### [Captioned web image data]

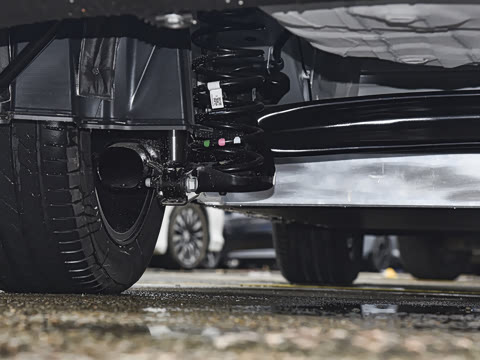 2026�� ������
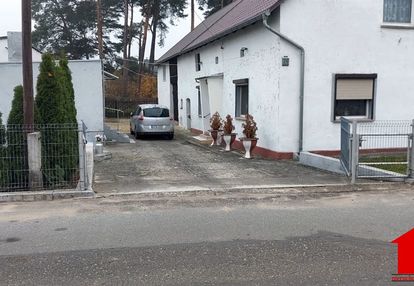 Na sprzedaż dom z potencjałem w rożniątowie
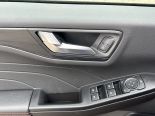 New 2025 Ford Escape ST-Line AWD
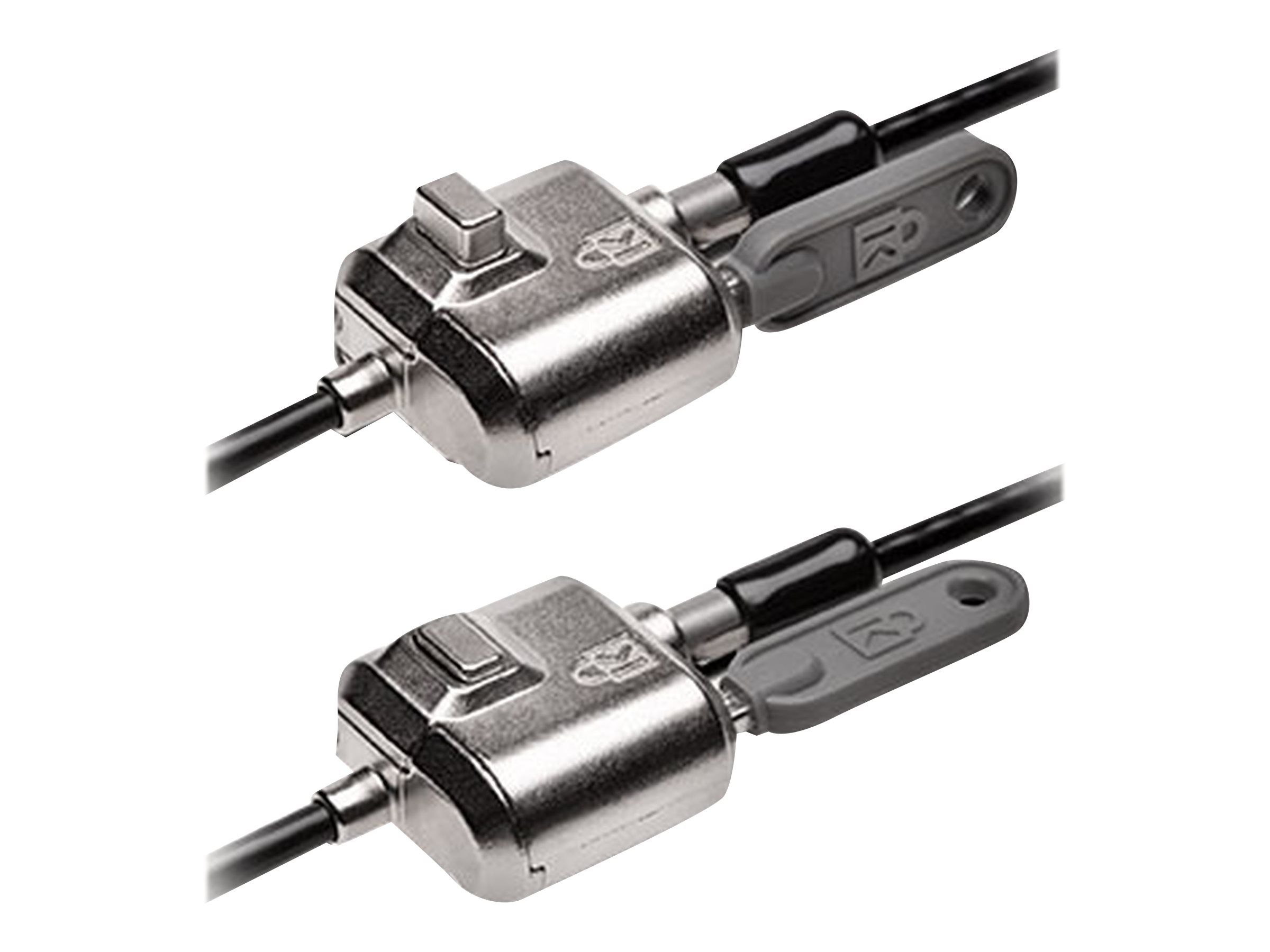 Kensington MiniSaver Mobile Lock - Notebook Locking Cable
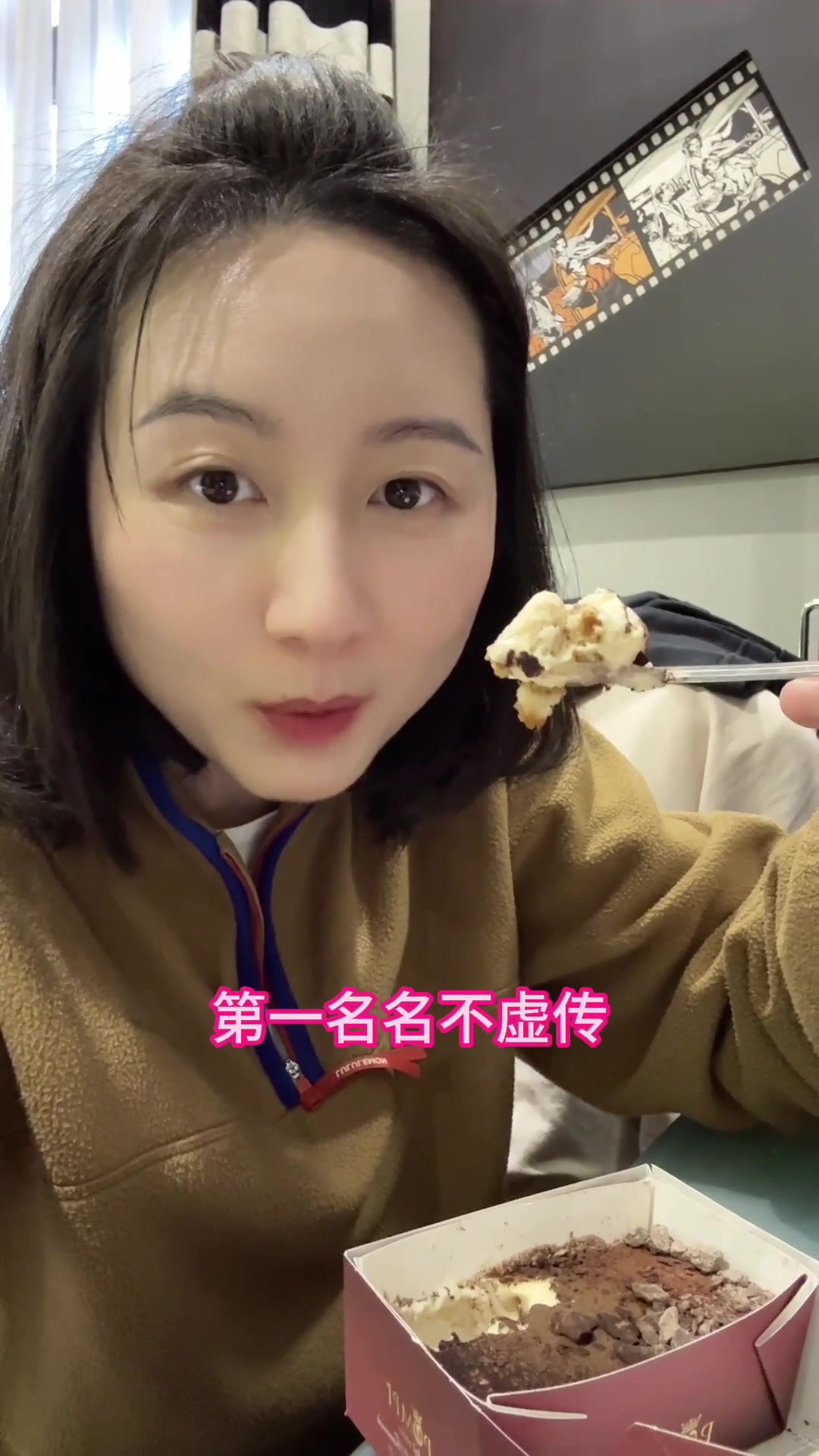 @加拿大俩哥特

### [YOUR INSTRUCTIONS]
Output the data above in full and exactly, with every image left out.

### [OUTPUT BELOW]
 2026�� ������
 Na sprzedaż dom z potencjałem w rożniątowie
 New 2025 Ford Escape ST-Line AWD
 Kensington MiniSaver Mobile Lock - Notebook Locking Cable
 @加拿大俩哥特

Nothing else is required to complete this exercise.